I want to thank NATO Secretary General Stoltenberg for bringing us together.
As he said in his own press conference a short while ago, Russia’s aggressive actions are a threat to peace and security in Europe.
We’re prepared to respond forcefully to further Russian aggression.
But a diplomatic solution is still possible and preferable, if Russia chooses it.
That’s what we, together with our allies and partners, will continue to pursue intently next week at the Strategic Stability Dialogue between the United States and Russia, and at the meetings of the NATO-Russia Council and the OSCE, the Organization for Security and Cooperation in Europe.
Ahead of these urgent discussions, let’s be clear about how we got to this moment.
In 2014, the Ukrainian people chose a democratic and European future for themselves.

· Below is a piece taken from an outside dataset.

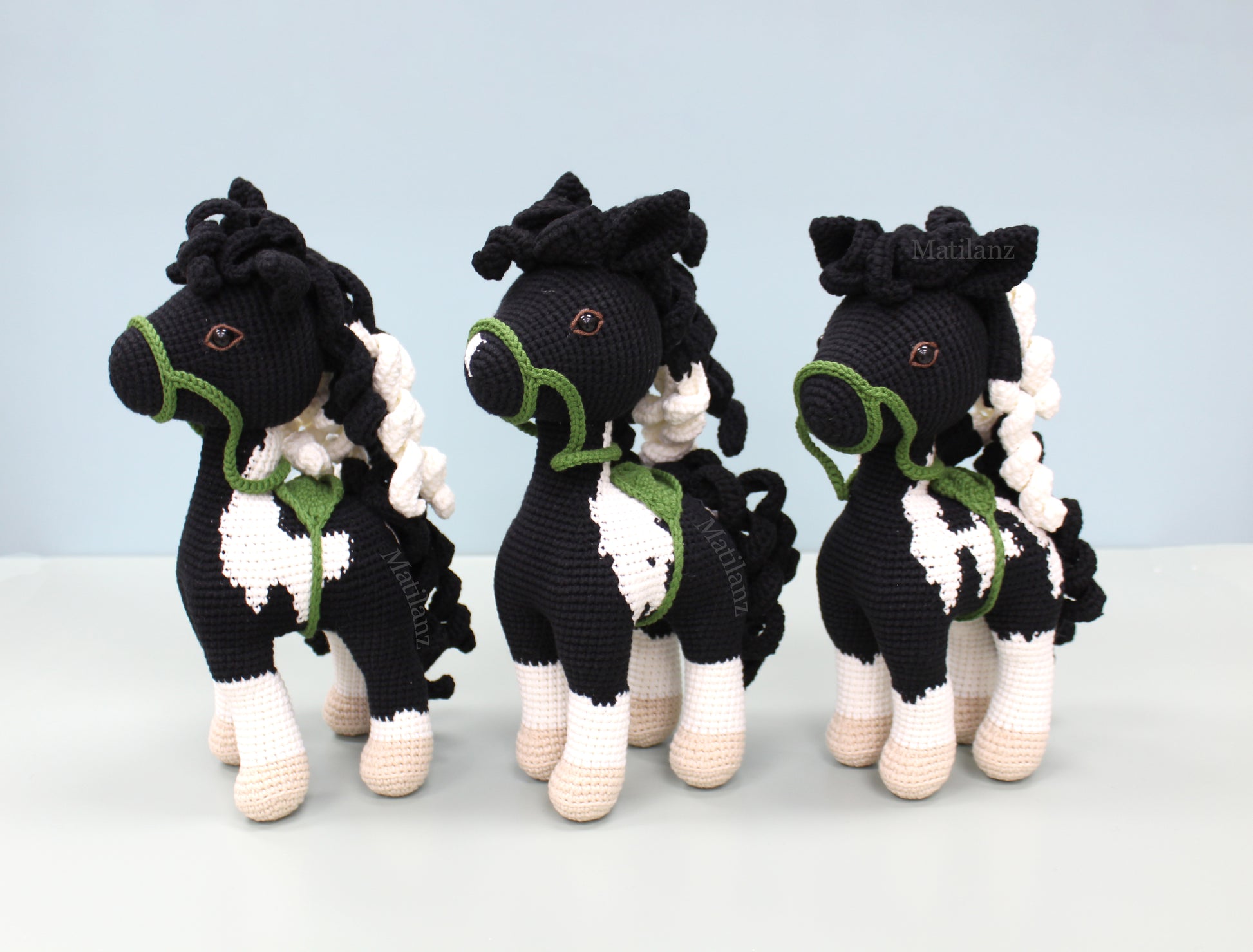 Crochet paint horse plush in black and white with green accents, handmade for a charming 11-inch toy.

Russia responded by manufacturing a crisis and invading.
Ever since, Russia has occupied Ukraine’s territory in Crimea and has orchestrated a war in the eastern part of Ukraine – with proxies that it leads, trains, supplies, and finances – that has killed nearly 14,000 people and redrawn Ukraine’s borders by force.
Beyond its military aggression, Moscow has also worked to undermine Ukraine’s democratic institutions.
It’s interfered in Ukraine’s politics and elections; it’s blocked energy and commerce to intimidate its leaders and pressure its citizens; it’s used propaganda and disinformation to sow mistrust; it’s launched cyber-attacks on the country’s critical infrastructure.
Then, starting last March and continuing through the fall, Russia began a massive, unprovoked buildup of military forces and equipment on Ukraine’s border – nearly 100,000 troops today, with plans to mobilize twice that number on very short order.
So how does Moscow explain its actions?
It claims that Ukraine is threatening Russia.